**Assignment**
Would you repeat the whole listing exactly, pictures excluded?

**Dataset extract**
================================
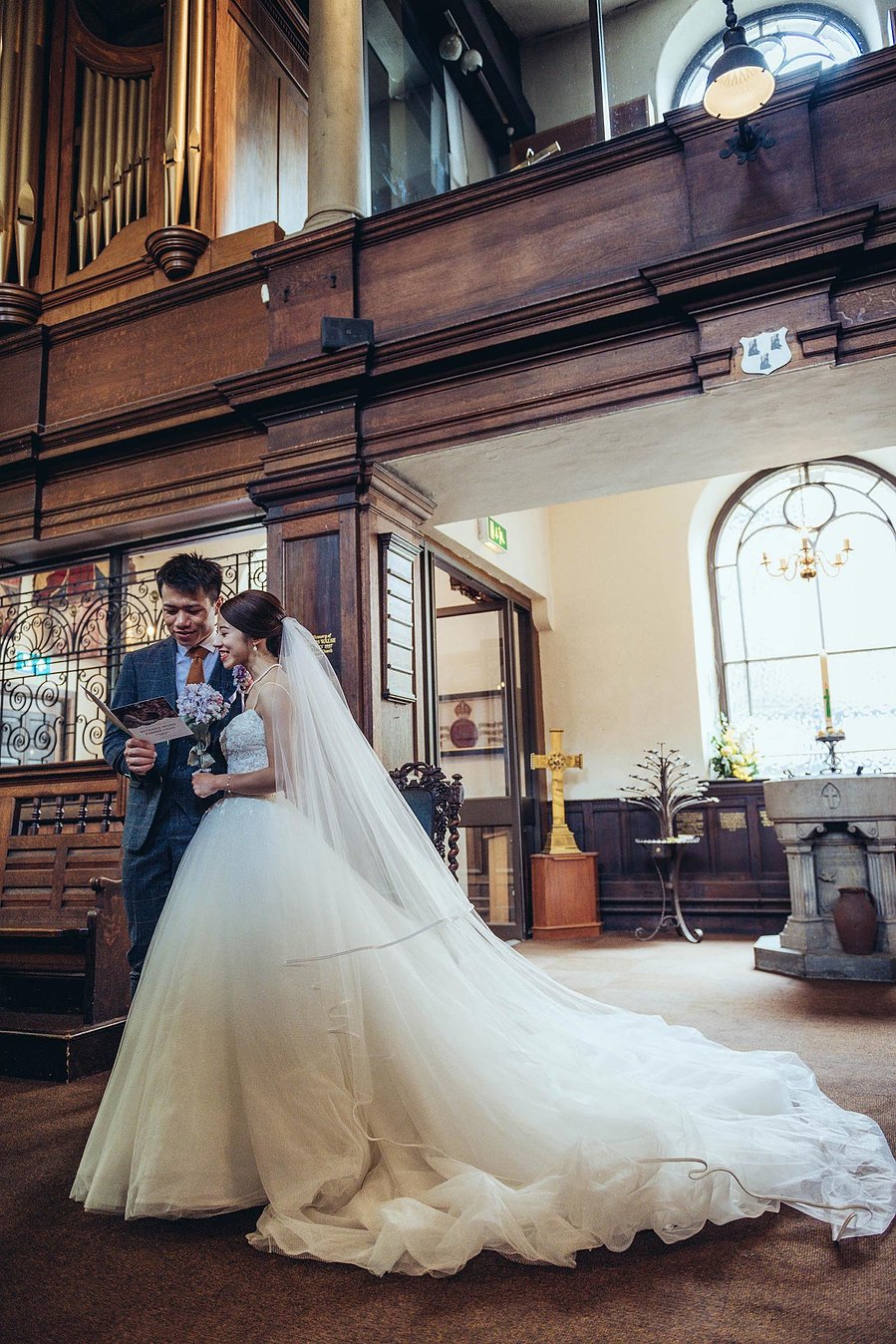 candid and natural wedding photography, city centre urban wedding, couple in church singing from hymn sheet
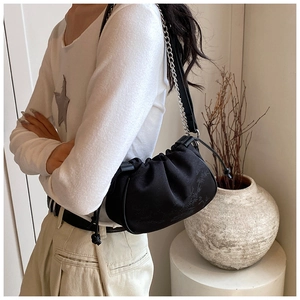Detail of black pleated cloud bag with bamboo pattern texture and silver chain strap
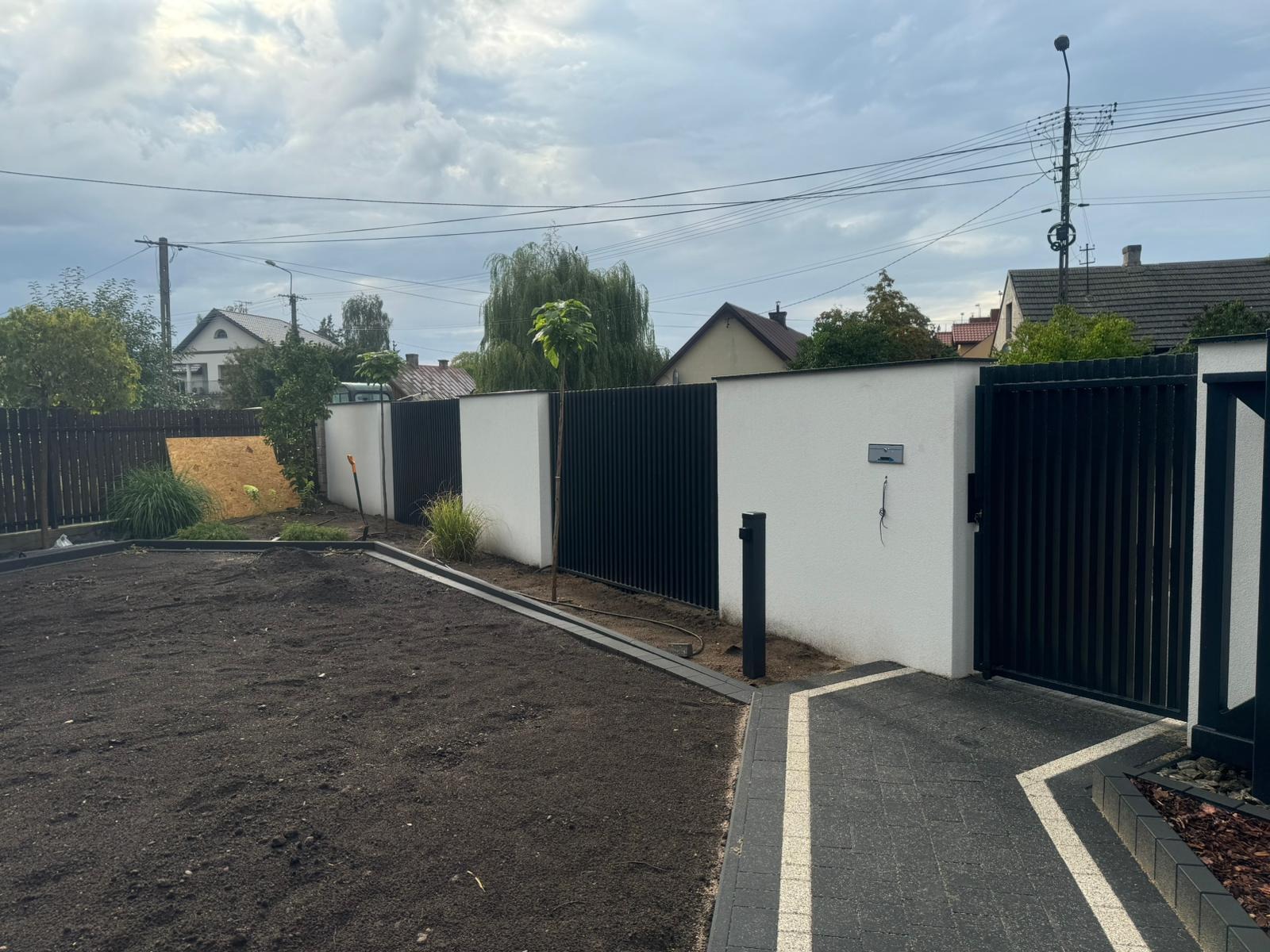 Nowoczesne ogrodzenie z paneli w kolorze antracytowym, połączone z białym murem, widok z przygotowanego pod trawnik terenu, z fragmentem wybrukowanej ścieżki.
================================
**Output**
 candid and natural wedding photography, city centre urban wedding, couple in church singing from hymn sheet
Detail of black pleated cloud bag with bamboo pattern texture and silver chain strap
 Nowoczesne ogrodzenie z paneli w kolorze antracytowym, połączone z białym murem, widok z przygotowanego pod trawnik terenu, z fragmentem wybrukowanej ścieżki.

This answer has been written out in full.